Only those lines in the data below from the line containing "Annapakshi Jewellery Box" through the line containing "Gastro Scrumieră din", both included, should be restated word for word.

▸ **SOURCE MATERIAL**
----

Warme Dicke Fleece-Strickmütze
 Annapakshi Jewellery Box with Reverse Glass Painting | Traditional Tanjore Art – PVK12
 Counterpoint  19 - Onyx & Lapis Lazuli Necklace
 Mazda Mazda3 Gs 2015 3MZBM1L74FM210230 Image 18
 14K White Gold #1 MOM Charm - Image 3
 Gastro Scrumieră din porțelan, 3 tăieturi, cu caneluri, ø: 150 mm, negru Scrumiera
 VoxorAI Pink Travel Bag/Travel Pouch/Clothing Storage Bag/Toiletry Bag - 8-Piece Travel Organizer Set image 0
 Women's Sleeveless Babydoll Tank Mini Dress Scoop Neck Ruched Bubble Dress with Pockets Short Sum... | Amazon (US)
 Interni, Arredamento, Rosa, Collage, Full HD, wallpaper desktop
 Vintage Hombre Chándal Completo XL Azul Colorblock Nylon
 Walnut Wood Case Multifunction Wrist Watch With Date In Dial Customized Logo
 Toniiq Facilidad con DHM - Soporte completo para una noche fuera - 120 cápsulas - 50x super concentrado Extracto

----

▸ **WRITTEN ANSWER**
 Annapakshi Jewellery Box with Reverse Glass Painting | Traditional Tanjore Art – PVK12
 Counterpoint  19 - Onyx & Lapis Lazuli Necklace
 Mazda Mazda3 Gs 2015 3MZBM1L74FM210230 Image 18
 14K White Gold #1 MOM Charm - Image 3
 Gastro Scrumieră din porțelan, 3 tăieturi, cu caneluri, ø: 150 mm, negru Scrumiera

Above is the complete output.